Sure if you are only going for a week or two, are staying in LA/NY and have no special needs. But if you are in say NY and would like to drive the west coast for your vacation, or have a wheelchair lift (or even 4 car seats), or are in CA and want to do a rallye in NY, or have bought a trailer or a car on the opposite coast and need to get it home or even are just moving you need your vehicle with you the train would be handy, relatively fuel efficient and safer.

And the route would service much of each coast, especially if they added a Seattle-LA car train. You could load your car in Seattle and have it with you for your Florida vacation.
posted by Mitheral at 1:45 PM on February 13, 2008


"Another time as a "floor finishing preparation.""

It's a dessert *and* a floorwax!
posted by mecran01 at 1:50 PM on February 13, 2008


Another fun article from Crain's: Detroit preparing for state's 1st car pool lane.

Yeah, these guys are trying to build a monorail in a state that doesn't even have HOV lanes. Good luck with that. There's just nobody here who wants mass transit that much.

(This cynical broadside brought to you by a Michigander who likes Ann Arbor, Detroit, and Ferndale.)
posted by faster than a speeding bulette at 2:17 PM on February 13, 2008


Mitheral: "Sure if you are only going for a week or two, are staying in LA/NY and have no special needs. But if you are in say NY and would like to drive the west coast for your vacation, or have a wheelchair lift (or even 4 car seats), or are in CA and want to do a rallye in NY, or have bought a trailer or a car on the opposite coast and need to get it home or even are just moving you need your vehicle with you the train would be handy, relatively fuel efficient and safer. "
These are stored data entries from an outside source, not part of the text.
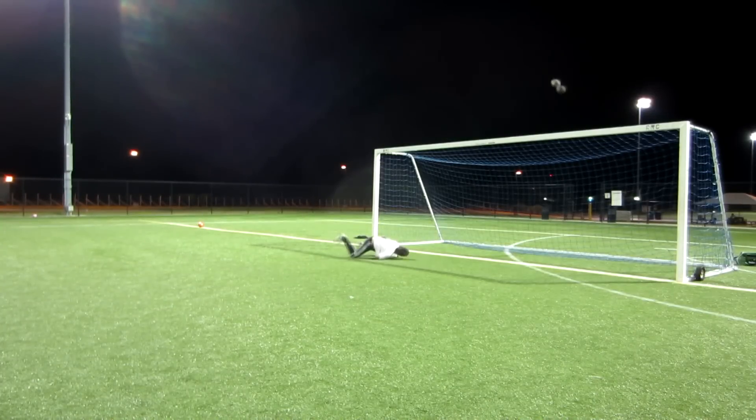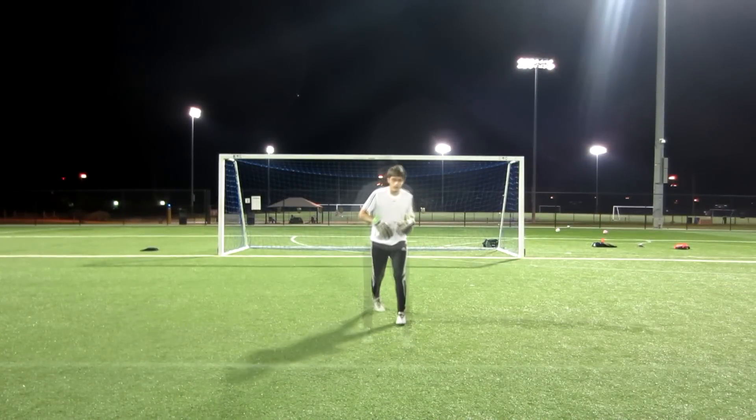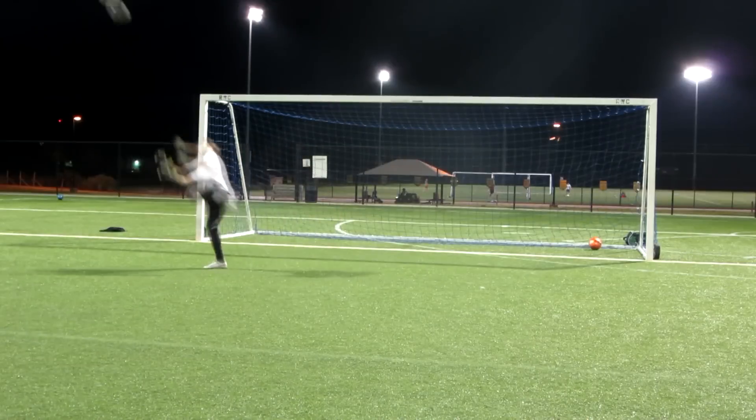The first thing we want to look at when we're tipping these balls is how we're stepping back. We never want to turn our back on the soccer ball. We always want to keep our head up and looking towards the ball.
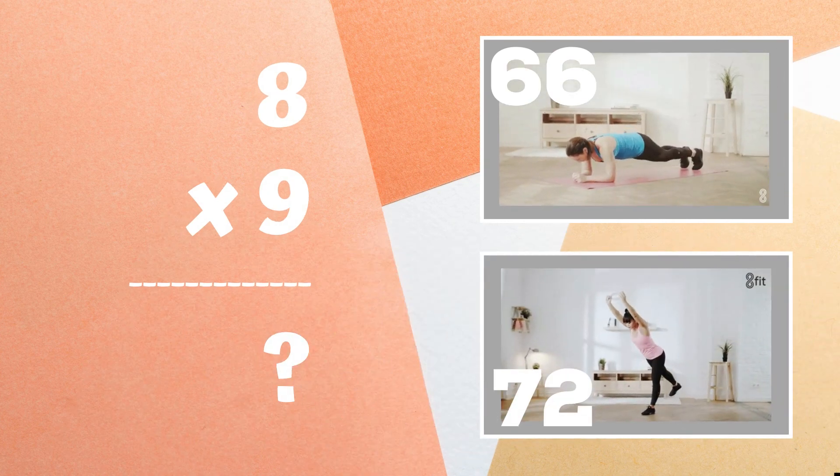Last problem — eight times nine equals what? Is it 66 or is it 72? Copy the exercise next to the answer you think is correct.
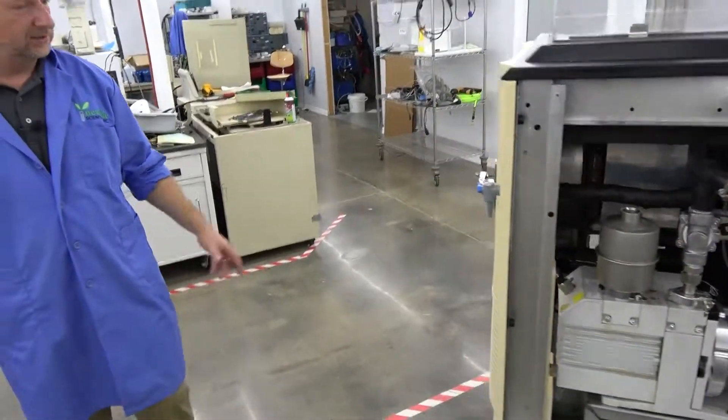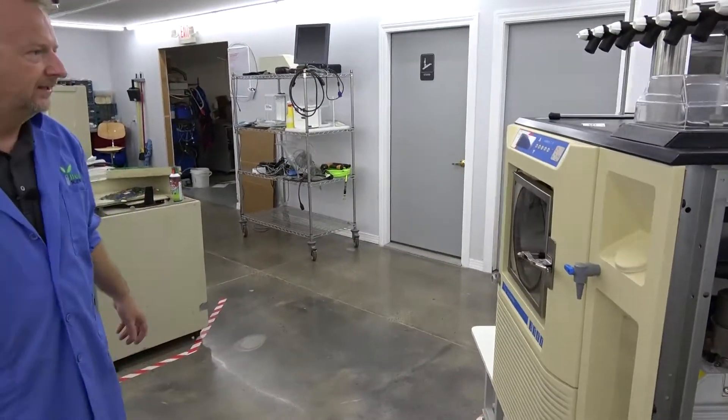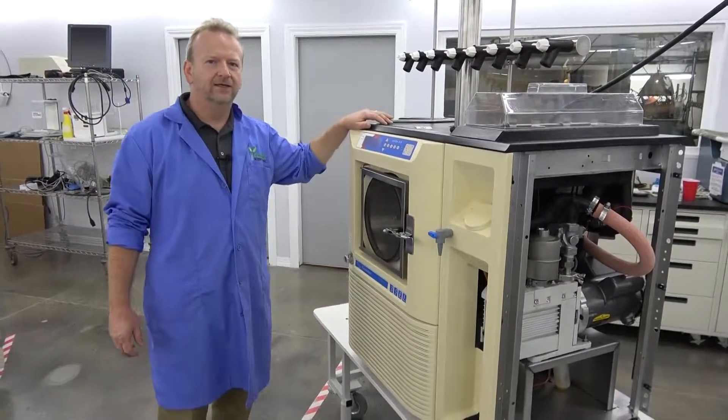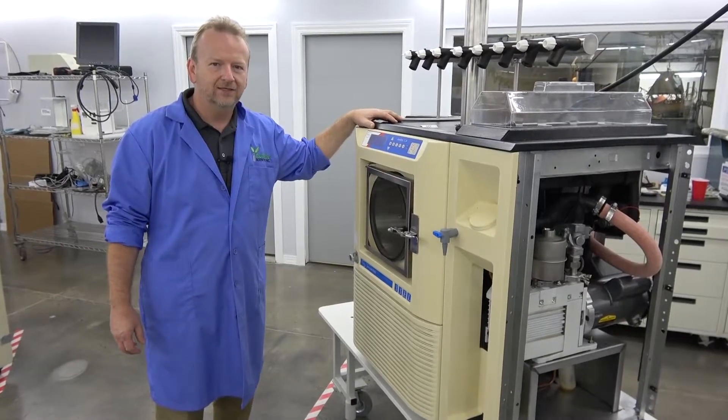But a really good unit, really nice performing, good-looking piece of equipment. It's ready for your lab or your shop. Again, I'm Rich with New Life Scientific, and we'll see you on the next machine.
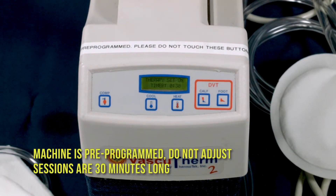The machine is pre-programmed. Do not adjust sessions that are 30 minutes long.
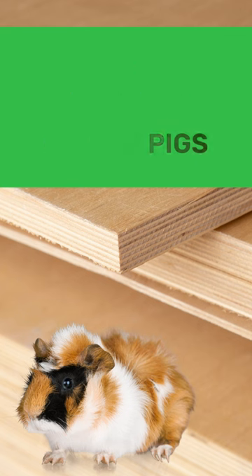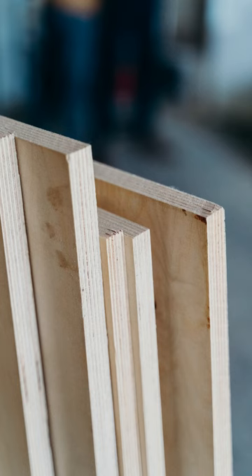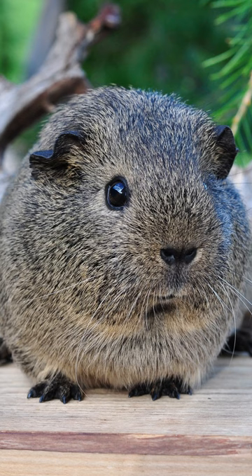Is plywood safe for guinea pigs? Plywood might not be the greatest option for creating a secure and comfortable home for your guinea pig. Multiple layers of this material are glued together using chemicals that might be toxic to your pet. Plywood can also harbor mold, which is bad for guinea pigs, and has a tendency to absorb urine and water. Read more information by going to the link in the description.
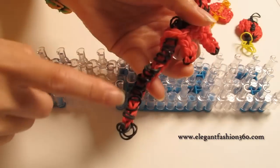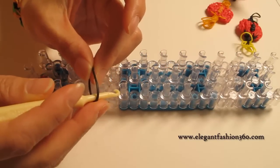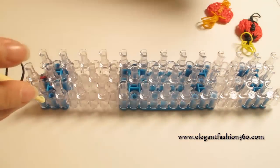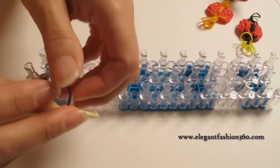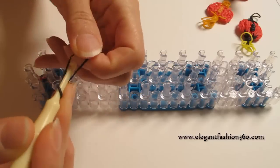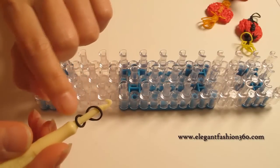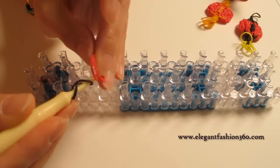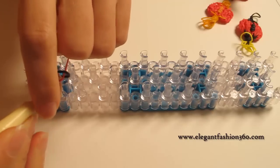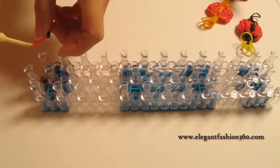First, we're gonna make its tail. We're gonna take one single black band — or any other color you like. The black band is for this part; you can use the same color, it will look good too. Take one single black band, twist only one time — you will see two rings here. And take two bands and bring these two rings in here. It's gonna look like this. And we're gonna press right here.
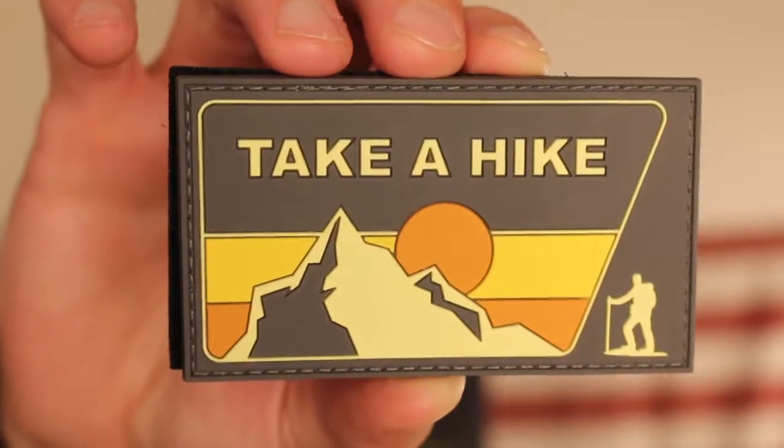First thing that's going to come in that box, you got your patch they send out every single month. It's a Velcro patch. Take a hike.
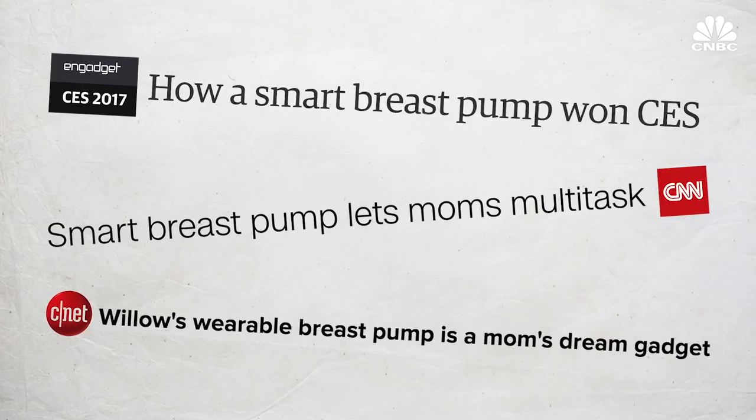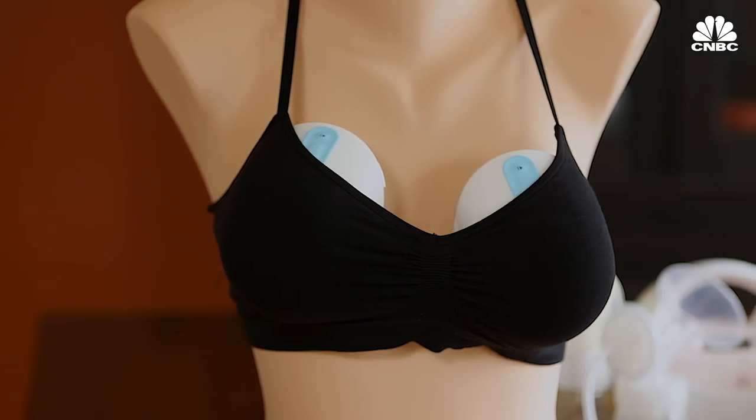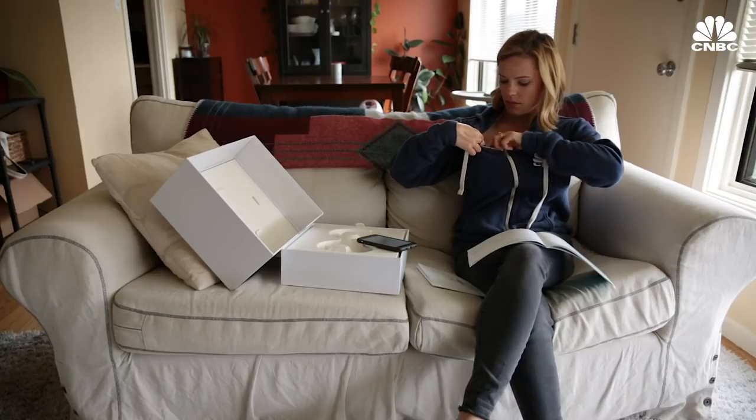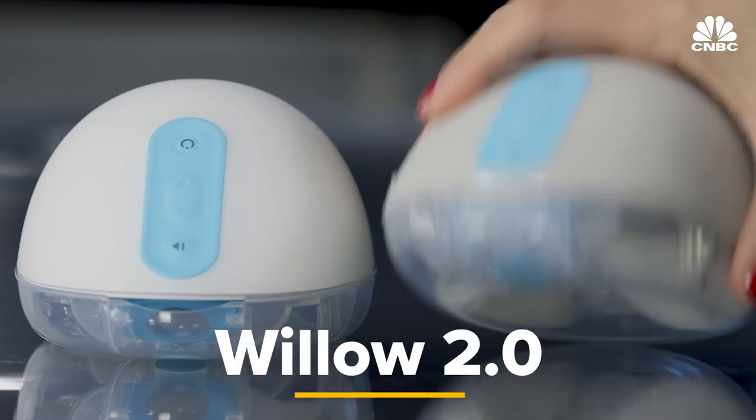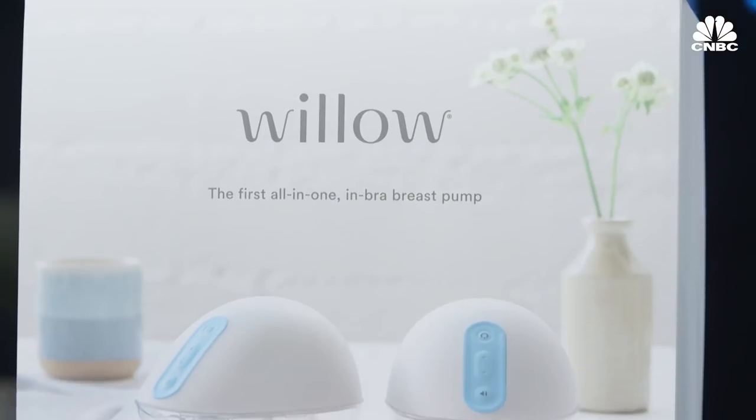The Willow Breast Pump was the most talked about product at CES in 2017 because it was unlike any breast pump ever made before. It's a wearable and hands-free breast pump that fits inside your bra. Today the company unveiled the Willow 2.0, which is an updated and improved version of the original pump.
I suspect that this represents a pretty minuscule market, though. And as it is, if you're not in a tremendous hurry, it's not terribly hard to move a car from one side of the country to the other. The freight railroads do it all the time -- they even have specially-designed cars for hauling brand-new automobiles.

It wouldn't be quite as easy as just going to Amtrak and buying a ticket (you'd need to go to a freight forwarder or consolidator, or someone who specializes in car transport), but it's entirely doable.

Auto Trains are a weird animal because they bridge the gap between what's traditionally thought of as passenger and freight service. Really the only difference is speed, and you need to have a lot of people to make a dedicated direct route cost-effective. For everything else, the freight rail networks are surprisingly good at moving stuff around cheaply. (And are economically very healthy as a result. Passenger rail in the U.S. is a money-loser, but freight is big bucks. Last time I checked, there's actually a rail-car and locomotive shortage.)
posted by Kadin2048 at 2:26 PM on February 13, 2008


God damn it, they used all my favorite buzzwords. Even TCP/IP.
posted by A dead Quaker at 7:46 PM on February 13, 2008


*biting tongue*
posted by joe lisboa at 2:11 AM on February 14, 2008


Man, this is great! If only there were a suitable building in Detroit to act as the terminus of the rail line... some kind of Central Station, now wouldn't that be cool? I'm betting that they'll just build one, 'cause there's no way that one exists now and is crumbling into fantastic ruins because no one had the foresight to try and preserve it, or even renovate it, even though such a building would probably be listed on the National Register of Historic places.

Snarkiness aside, a rail line between AA and Detroit wouldn't be a bad thing. Now if they put in a high-speed rail line between Lansing and Detroit as well, that would be even better. Perhaps then the governor would have an easier way to go to Detroit and be reminded that the city hasn't yet risen from the ashes, despite what it says on the city flag.

But what do I know, I left the area in search of a job in a city that already had a commuter rail line and some semblance of an economy.
posted by caution live frogs at 6:50 AM on February 14, 2008


Amtrak has a hard enough time offering Auto Train service from Virginia to Florida and making it faster than just driving yourself.

Never mind the fact that Auto Train is just about the most profitable route outside the Northeast Corridor.